6 hours ago, Josheir said:

>> (I used just files at the file system, so even a data base is not a hard requirement).

Alberth, what does this mean I'm not understanding...

Everybody always discusses server applications where the storage backend is a database. This makes it easy to fall in the trap of thinking a database is the only viable storage option for a server application.

However, a server application is still an application, so you can also do all the things that 'normal' applications can do (modulo things that would be trivially exploitable from a remote site, as the application reacts on unknown potentially hostile user input).

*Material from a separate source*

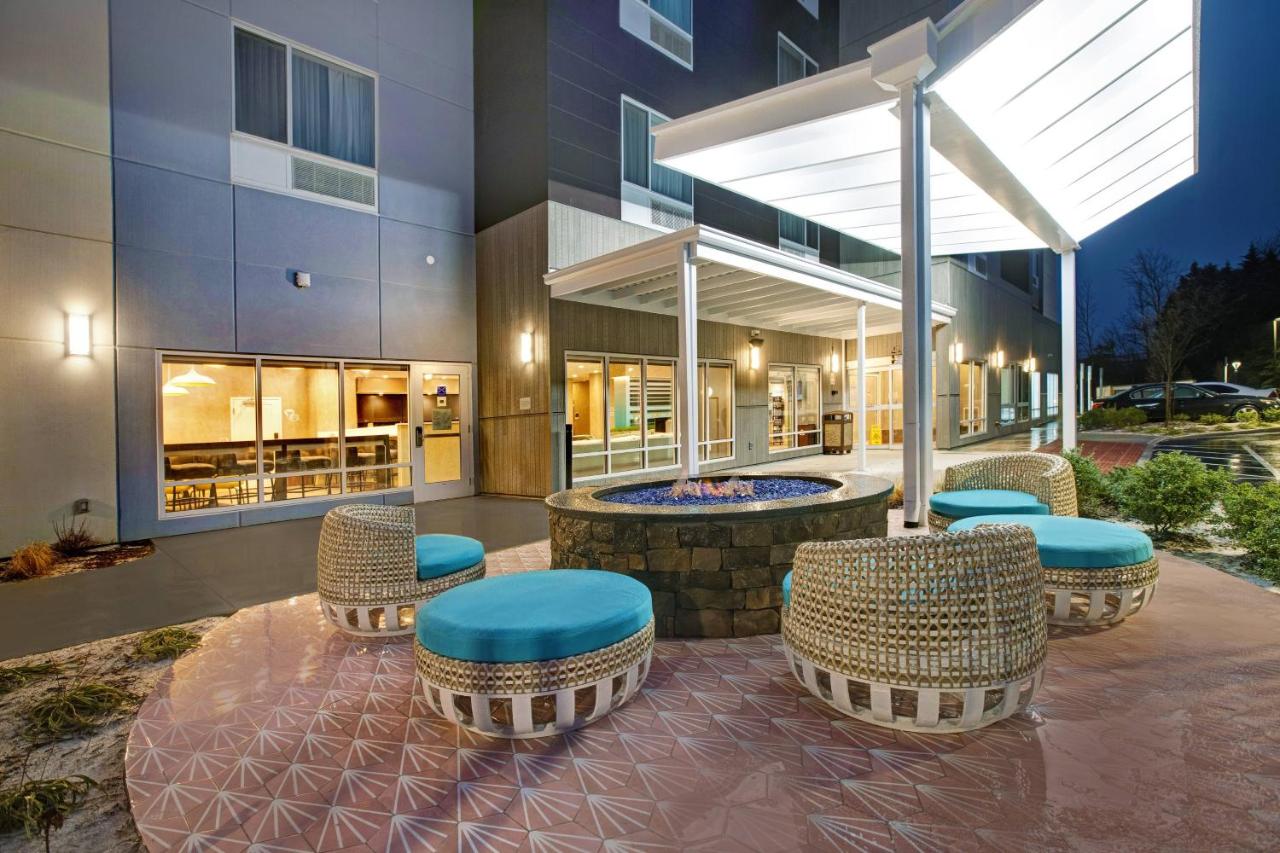  | TownePlace Suites Potomac Mills Woodbridge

Depending on the application, using a data base for storage may not be the best choice. In my case, I had to load a bunch of translated strings in various languages (around 4000 strings in 50+ languages). Since translators (my users) work on one language rather than on one string, the typical access pattern would be to load many strings of a single language. Actually, "many strings" soon became "all strings", due to providing a list of "related string translations" as a service to the user (hopefully getting more consistent translations).

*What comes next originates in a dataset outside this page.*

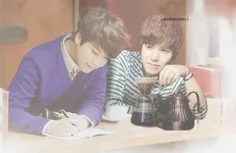 ~ Kyuhyun & sungmin=kyumin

The database solution would be a 'language' table, a 'string-identifier' table (name and description of each string), and a table with the translations, for each language and string. Getting all strings of a language accesses the language table, and then iterates over the strings table, while getting the actual text from the translation table (actual database engines are probably smarter than that though).

Not being very happy about that solution, I continued looking for a better solution, and found the alternative to simply store all string-names, descriptions and actual text of one language into 1 file. That makes loading a language as simple as "open file, load the contents straight from the file system, close the file, done!". Given that the database is also stored in a file, My file-based solution is much quicker, since I am not looking for keys, and joining several tables. Writng is quicker too, as it's 1 file creation, and a few rename operations (with a possible remove to delete the oldest version).

Heard of a case similar to that... they cut down ram requirements by running stats to see what the top 99.99% of searches comprised of, which turned out to be <25% of the total database since there's a lot of stuff that no one's interested in. (think this involved pictures rather than words... but still. No one looks up a word like nikhedonia

On the note of file systems in particular as a DB, new-ish thing is to not open files but stream them direct to user and let their machine process the data.  Allows for a base C library function to handle the i/o at lightning speeds w/o bogging your server down in javascript & open files.